|Dior Couture Fall 2014|
Earlier this month, the fashion flock descended upon The City of Lights for the bi-annual haute couture shows. Movie starts like Emma Watson intensified the city’s luminescence as they took their places in exalted front row. The less crowded schedule and relaxed atmosphere of couture week is a welcomed sharp divergence from frenzied ready-to-wear.
The clothes shown at the haute couture shows take hundreds of man hours to create. Embroidery painstakingly applied, artfully sewn seams that can only be the reward of a long patience—these are the things that make couture special. With such attention to detail, it is only right that each presentation of these clothes be at a reduced pace, allowing the spectator to rightfully digest each sumptuous frock feast.
It is like a stroll back in time before communication moved at the speed of light and pictures from the runway were instantly uploaded to Instagram. Indeed couture is slow fashion where the hands that manifest such other-worldly creations are represented by the carefully considered singularity of each garment. Contrast this with fast fashion where clothes are mass produced and a pair of jeans can be sewn in mere seconds, often by people in factories in developing countries under objectionable conditions.
These mass market clothing factories in places like India, create easy to manufacture clothes that skimp on quality and are shipped to fashion consumers in far-away lands like Europe and the United States and near-by China.
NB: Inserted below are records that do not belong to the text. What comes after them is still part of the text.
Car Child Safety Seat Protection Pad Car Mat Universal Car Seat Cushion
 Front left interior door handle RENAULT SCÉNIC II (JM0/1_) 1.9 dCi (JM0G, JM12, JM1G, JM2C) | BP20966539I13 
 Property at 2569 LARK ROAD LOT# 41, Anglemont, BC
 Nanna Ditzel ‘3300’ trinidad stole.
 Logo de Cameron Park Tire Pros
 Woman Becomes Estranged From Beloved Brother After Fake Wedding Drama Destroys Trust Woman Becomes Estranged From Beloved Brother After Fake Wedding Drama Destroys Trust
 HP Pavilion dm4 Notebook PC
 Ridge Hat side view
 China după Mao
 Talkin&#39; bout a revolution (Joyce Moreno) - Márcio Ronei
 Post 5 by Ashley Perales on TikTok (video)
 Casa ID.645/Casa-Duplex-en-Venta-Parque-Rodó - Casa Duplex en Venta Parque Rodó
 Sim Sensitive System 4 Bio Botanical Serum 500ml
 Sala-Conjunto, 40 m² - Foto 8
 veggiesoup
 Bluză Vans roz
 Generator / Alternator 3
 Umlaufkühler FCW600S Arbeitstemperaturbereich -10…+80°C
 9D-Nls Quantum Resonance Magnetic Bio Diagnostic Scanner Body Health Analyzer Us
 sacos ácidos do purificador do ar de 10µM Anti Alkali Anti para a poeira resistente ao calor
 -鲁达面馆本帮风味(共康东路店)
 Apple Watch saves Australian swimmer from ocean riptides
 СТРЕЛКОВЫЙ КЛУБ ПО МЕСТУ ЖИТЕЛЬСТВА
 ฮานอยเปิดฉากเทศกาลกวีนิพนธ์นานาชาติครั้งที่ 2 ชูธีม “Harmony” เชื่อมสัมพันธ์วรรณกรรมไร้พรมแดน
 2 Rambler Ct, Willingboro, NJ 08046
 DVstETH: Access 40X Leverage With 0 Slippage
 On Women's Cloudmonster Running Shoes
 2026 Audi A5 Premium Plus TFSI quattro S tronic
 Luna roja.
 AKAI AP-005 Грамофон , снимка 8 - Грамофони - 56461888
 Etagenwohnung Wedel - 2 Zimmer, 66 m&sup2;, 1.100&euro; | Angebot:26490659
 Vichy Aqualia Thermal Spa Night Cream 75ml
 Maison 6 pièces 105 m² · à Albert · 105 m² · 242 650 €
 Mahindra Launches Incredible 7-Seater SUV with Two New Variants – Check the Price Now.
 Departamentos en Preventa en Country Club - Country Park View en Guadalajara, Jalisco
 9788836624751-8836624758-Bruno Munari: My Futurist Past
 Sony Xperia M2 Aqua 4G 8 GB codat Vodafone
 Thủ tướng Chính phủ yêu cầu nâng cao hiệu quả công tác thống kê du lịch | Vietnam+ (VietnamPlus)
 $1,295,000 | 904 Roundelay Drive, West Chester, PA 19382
Unremarkable in their craftsmanship, they are created by invisible hands--- a fashion sleight of hand that seems to make on-trend clothes simply appear at the whim of the consumer.
Back in Paris where the clothes are made at local ateliers, onlookers were delighted by Raf Simons Dior couture show that paid homage to the past, but defiantly propelled couture forward into modernity. Raf maintains Dior’s signature ultra-femininity but also grounds it with a bit of sober masculinity by swapping some ball gowns for trousers and frock coats.
There was a quiet opulence about the Dior show where stark courtly white pannier gowns with a flush of red and blue embroidered flowers were shown alongside youthful undulating short hemlines. Some of the less fanciful looks such as black trousers and turtle neck topped with a colorful frock coat may have looked more ready-to-wear than couture—a modern approach to couture that taps into the zeitgeist desire for ease in clothes, no matter the price tag.
What’s old is new again. Maison Martin Margiela also turned to the past to create his fall 2014 couture collection. Using embroidery samples and fabric cut-offs from an assortment of couturiers that includes French national treasure Paul Poiret. The result of this haute mash-up managed to create an elevated freshness while deftly adding the warm charm of nostalgia. French francs were sewn onto thin, sheer fabric, a motif that appeared repeatedly throughout the show. In one instance, a ankle length sheer franc skirt was paired with a Louis XV style floral brocade body suit.
The attempted revival of the house of Schiaperelli as an exclusively couture house continues with the newly appointed creative director Marco Zanini. This latest collection is Zanini’s sophomore Schiaperelli couture collection---his first debuting in January during the Spring 2014 couture week.
There were the known markers of Schiaperelli in the collection, sculpted shoulders and shocking pinks, but in the end the collection failed to conjure the same fun and wit of the original designer Elsa Schiaperlli. Zanini’s hand was too heavy when creating pieces like the opening look which featured a leopard double breasted coat with large, hulking, sleeves done in fur. The attempt at camp in the leopard and fur coat was weighed down by the stiffness of the heavy arms. It’s hard to imagine a bold, independent woman in clothes that are hard to move in.
But there is a showing of promise in Zanini’s work for the house as he clearly understands the codes of the house. Camp, being one of them, is hard to pull off without looking plainly over-the-top. This collection was all-too-obvious, missing the wink of wit.
Karl Lagerfeld set his time machine to the future with his latest Chanel collection. Chanel is a house firmly built on history, an establishment of chic. Lagerfeld stays loyal to the foundations of the house while resisting the stodginess of history. The classic Chanel suit was futuristically sculpted tweed with a peek of matching tweed biker shorts underneath that added a youthful casualness. Lagerfeld also played with modernizing fabric, bringing lace up-to-date, for example, by coating it in silicone.